WHAT THE TASK REQUIRES:
What needs reproducing is the run of lines in the data below starting at the line with "Fiat 500L TREKKING full" and ending at the line with "Seasonic Modularni napajalnik", both ends included. Copy it exactly, without pictures, and add nothing.

EXCERPTED DATA:

↓↓↓

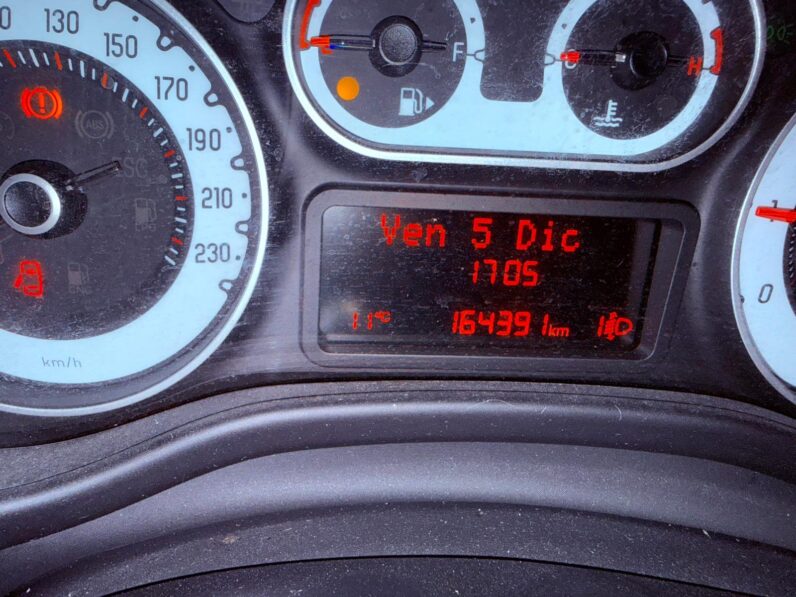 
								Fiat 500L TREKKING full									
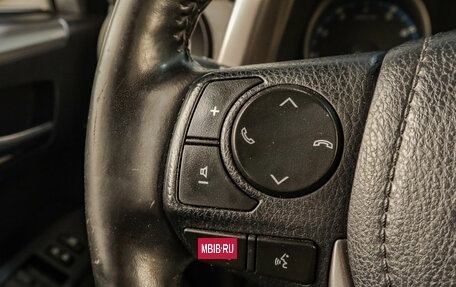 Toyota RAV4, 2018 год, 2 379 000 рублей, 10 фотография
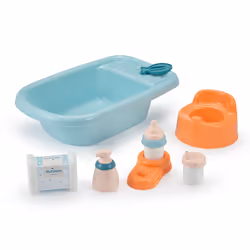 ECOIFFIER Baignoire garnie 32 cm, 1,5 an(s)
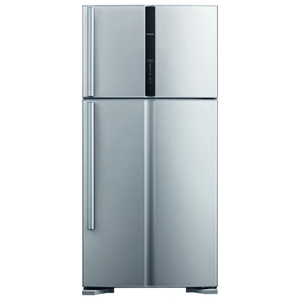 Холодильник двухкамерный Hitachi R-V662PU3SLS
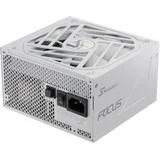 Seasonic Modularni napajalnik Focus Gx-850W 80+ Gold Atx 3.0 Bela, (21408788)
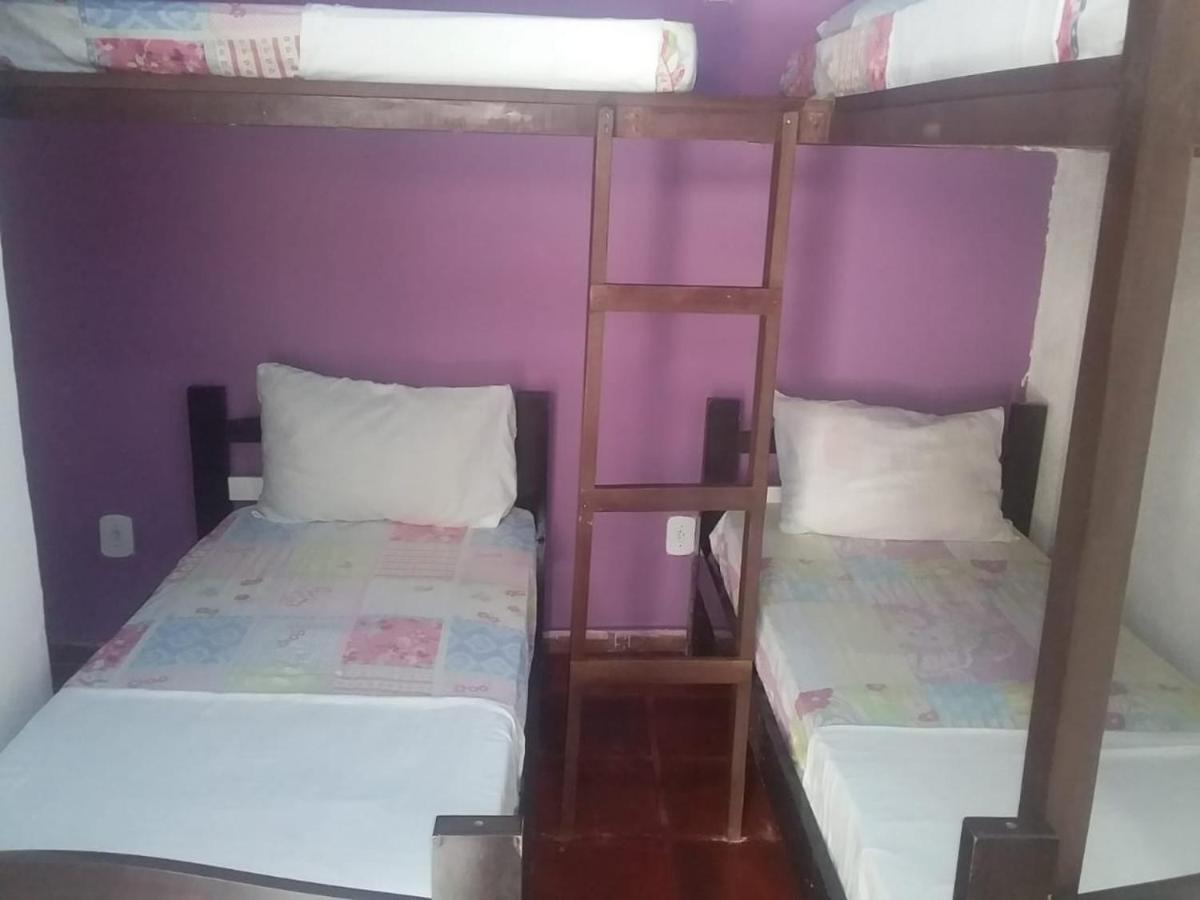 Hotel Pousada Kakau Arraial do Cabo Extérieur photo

↑↑↑
↓↓↓

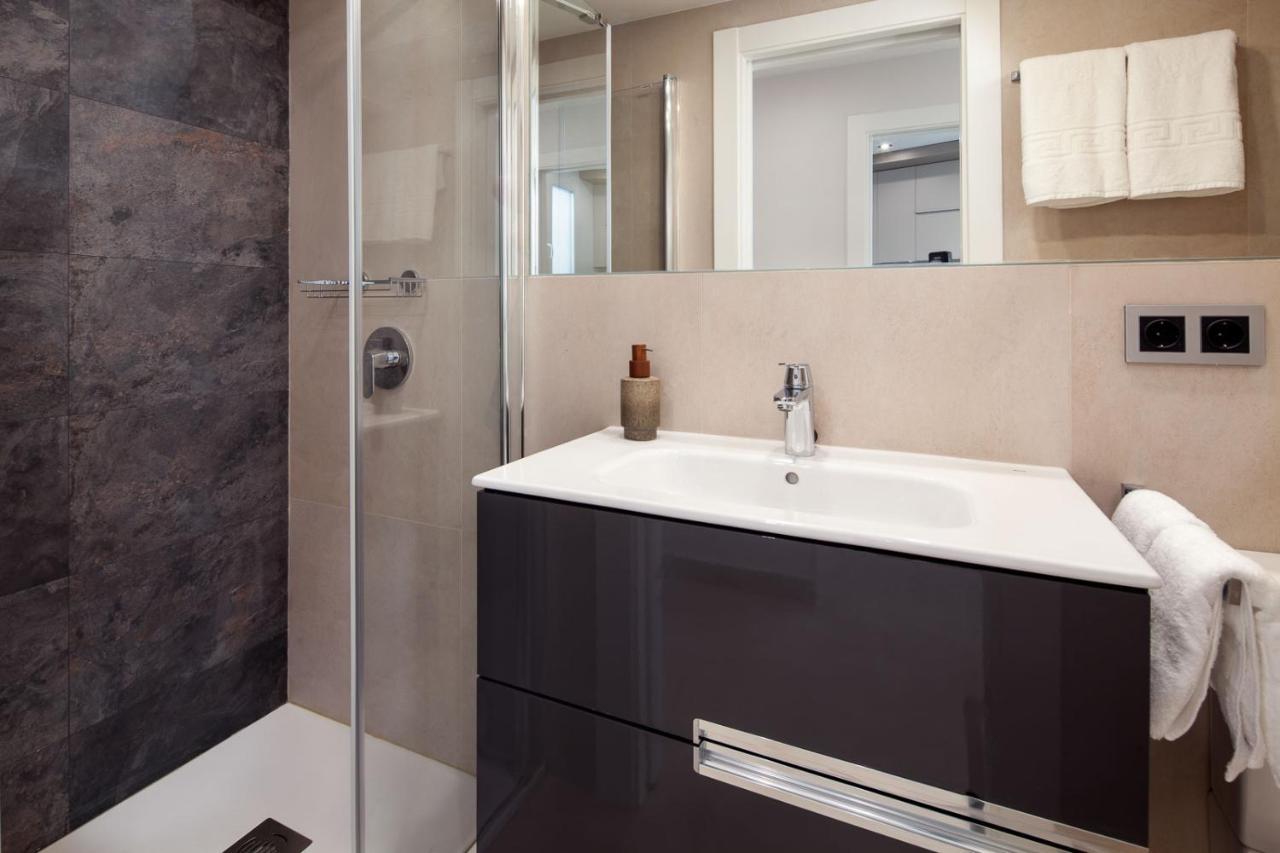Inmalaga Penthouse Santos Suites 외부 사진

↑↑↑

RESPONSE BOX:
								Fiat 500L TREKKING full									
 Toyota RAV4, 2018 год, 2 379 000 рублей, 10 фотография
 ECOIFFIER Baignoire garnie 32 cm, 1,5 an(s)
 Холодильник двухкамерный Hitachi R-V662PU3SLS
 Seasonic Modularni napajalnik Focus Gx-850W 80+ Gold Atx 3.0 Bela, (21408788)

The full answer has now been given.